Data items

==========

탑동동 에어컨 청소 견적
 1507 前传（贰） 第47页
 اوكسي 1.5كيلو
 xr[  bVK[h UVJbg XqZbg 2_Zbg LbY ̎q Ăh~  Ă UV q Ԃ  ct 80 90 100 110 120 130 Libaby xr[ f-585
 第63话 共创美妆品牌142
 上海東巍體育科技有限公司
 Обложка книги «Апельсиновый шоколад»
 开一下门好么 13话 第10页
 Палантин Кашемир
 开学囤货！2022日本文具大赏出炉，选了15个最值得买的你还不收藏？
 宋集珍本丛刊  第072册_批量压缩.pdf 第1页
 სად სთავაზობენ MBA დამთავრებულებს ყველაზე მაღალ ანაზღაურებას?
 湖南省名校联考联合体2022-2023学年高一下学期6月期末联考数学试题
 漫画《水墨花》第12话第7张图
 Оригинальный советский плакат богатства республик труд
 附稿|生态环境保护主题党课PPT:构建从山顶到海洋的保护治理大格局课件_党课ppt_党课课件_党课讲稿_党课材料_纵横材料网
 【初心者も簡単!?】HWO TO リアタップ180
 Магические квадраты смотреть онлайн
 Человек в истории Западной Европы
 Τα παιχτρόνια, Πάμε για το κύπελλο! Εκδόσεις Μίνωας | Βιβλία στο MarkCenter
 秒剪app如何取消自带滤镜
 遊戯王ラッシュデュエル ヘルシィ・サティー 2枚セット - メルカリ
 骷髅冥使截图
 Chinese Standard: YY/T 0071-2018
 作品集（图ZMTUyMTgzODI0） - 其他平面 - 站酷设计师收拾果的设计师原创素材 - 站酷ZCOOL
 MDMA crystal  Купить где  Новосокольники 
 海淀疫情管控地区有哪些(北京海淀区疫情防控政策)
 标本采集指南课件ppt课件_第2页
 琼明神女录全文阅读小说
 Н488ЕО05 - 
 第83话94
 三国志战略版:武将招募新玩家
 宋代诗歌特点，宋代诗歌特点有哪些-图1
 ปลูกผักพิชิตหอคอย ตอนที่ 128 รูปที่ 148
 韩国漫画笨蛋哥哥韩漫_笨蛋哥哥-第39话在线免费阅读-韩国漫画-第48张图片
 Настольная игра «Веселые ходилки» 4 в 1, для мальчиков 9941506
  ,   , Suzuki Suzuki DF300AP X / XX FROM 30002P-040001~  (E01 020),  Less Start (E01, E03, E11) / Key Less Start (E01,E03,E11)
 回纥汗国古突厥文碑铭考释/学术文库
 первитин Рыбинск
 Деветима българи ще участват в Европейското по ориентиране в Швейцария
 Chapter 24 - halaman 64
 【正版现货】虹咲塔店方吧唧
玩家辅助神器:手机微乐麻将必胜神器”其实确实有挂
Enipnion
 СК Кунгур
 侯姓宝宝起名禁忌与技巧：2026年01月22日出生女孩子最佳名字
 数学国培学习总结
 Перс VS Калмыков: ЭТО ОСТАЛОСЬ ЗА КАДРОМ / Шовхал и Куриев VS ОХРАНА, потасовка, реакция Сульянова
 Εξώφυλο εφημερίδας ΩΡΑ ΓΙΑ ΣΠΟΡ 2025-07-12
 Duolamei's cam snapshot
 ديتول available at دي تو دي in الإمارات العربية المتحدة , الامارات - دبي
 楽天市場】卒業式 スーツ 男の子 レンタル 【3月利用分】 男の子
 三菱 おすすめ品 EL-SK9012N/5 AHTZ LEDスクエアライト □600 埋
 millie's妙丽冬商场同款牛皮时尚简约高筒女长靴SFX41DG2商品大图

==========

Your goal |
Each line of the data is to be retyped exactly as shown.

Finished exercise |
탑동동 에어컨 청소 견적
 1507 前传（贰） 第47页
 اوكسي 1.5كيلو
 xr[  bVK[h UVJbg XqZbg 2_Zbg LbY ̎q Ăh~  Ă UV q Ԃ  ct 80 90 100 110 120 130 Libaby xr[ f-585
 第63话 共创美妆品牌142
 上海東巍體育科技有限公司
 Обложка книги «Апельсиновый шоколад»
 开一下门好么 13话 第10页
 Палантин Кашемир
 开学囤货！2022日本文具大赏出炉，选了15个最值得买的你还不收藏？
 宋集珍本丛刊  第072册_批量压缩.pdf 第1页
 სად სთავაზობენ MBA დამთავრებულებს ყველაზე მაღალ ანაზღაურებას?
 湖南省名校联考联合体2022-2023学年高一下学期6月期末联考数学试题
 漫画《水墨花》第12话第7张图
 Оригинальный советский плакат богатства республик труд
 附稿|生态环境保护主题党课PPT:构建从山顶到海洋的保护治理大格局课件_党课ppt_党课课件_党课讲稿_党课材料_纵横材料网
 【初心者も簡単!?】HWO TO リアタップ180
 Магические квадраты смотреть онлайн
 Человек в истории Западной Европы
 Τα παιχτρόνια, Πάμε για το κύπελλο! Εκδόσεις Μίνωας | Βιβλία στο MarkCenter
 秒剪app如何取消自带滤镜
 遊戯王ラッシュデュエル ヘルシィ・サティー 2枚セット - メルカリ
 骷髅冥使截图
 Chinese Standard: YY/T 0071-2018
 作品集（图ZMTUyMTgzODI0） - 其他平面 - 站酷设计师收拾果的设计师原创素材 - 站酷ZCOOL
 MDMA crystal  Купить где  Новосокольники 
 海淀疫情管控地区有哪些(北京海淀区疫情防控政策)
 标本采集指南课件ppt课件_第2页
 琼明神女录全文阅读小说
 Н488ЕО05 - 
 第83话94
 三国志战略版:武将招募新玩家
 宋代诗歌特点，宋代诗歌特点有哪些-图1
 ปลูกผักพิชิตหอคอย ตอนที่ 128 รูปที่ 148
 韩国漫画笨蛋哥哥韩漫_笨蛋哥哥-第39话在线免费阅读-韩国漫画-第48张图片
 Настольная игра «Веселые ходилки» 4 в 1, для мальчиков 9941506
  ,   , Suzuki Suzuki DF300AP X / XX FROM 30002P-040001~  (E01 020),  Less Start (E01, E03, E11) / Key Less Start (E01,E03,E11)
 回纥汗国古突厥文碑铭考释/学术文库
 первитин Рыбинск
 Деветима българи ще участват в Европейското по ориентиране в Швейцария
 Chapter 24 - halaman 64
 【正版现货】虹咲塔店方吧唧
玩家辅助神器:手机微乐麻将必胜神器”其实确实有挂
Enipnion
 СК Кунгур
 侯姓宝宝起名禁忌与技巧：2026年01月22日出生女孩子最佳名字
 数学国培学习总结
 Перс VS Калмыков: ЭТО ОСТАЛОСЬ ЗА КАДРОМ / Шовхал и Куриев VS ОХРАНА, потасовка, реакция Сульянова
 Εξώφυλο εφημερίδας ΩΡΑ ΓΙΑ ΣΠΟΡ 2025-07-12
 Duolamei's cam snapshot
 ديتول available at دي تو دي in الإمارات العربية المتحدة , الامارات - دبي
 楽天市場】卒業式 スーツ 男の子 レンタル 【3月利用分】 男の子
 三菱 おすすめ品 EL-SK9012N/5 AHTZ LEDスクエアライト □600 埋
 millie's妙丽冬商场同款牛皮时尚简约高筒女长靴SFX41DG2商品大图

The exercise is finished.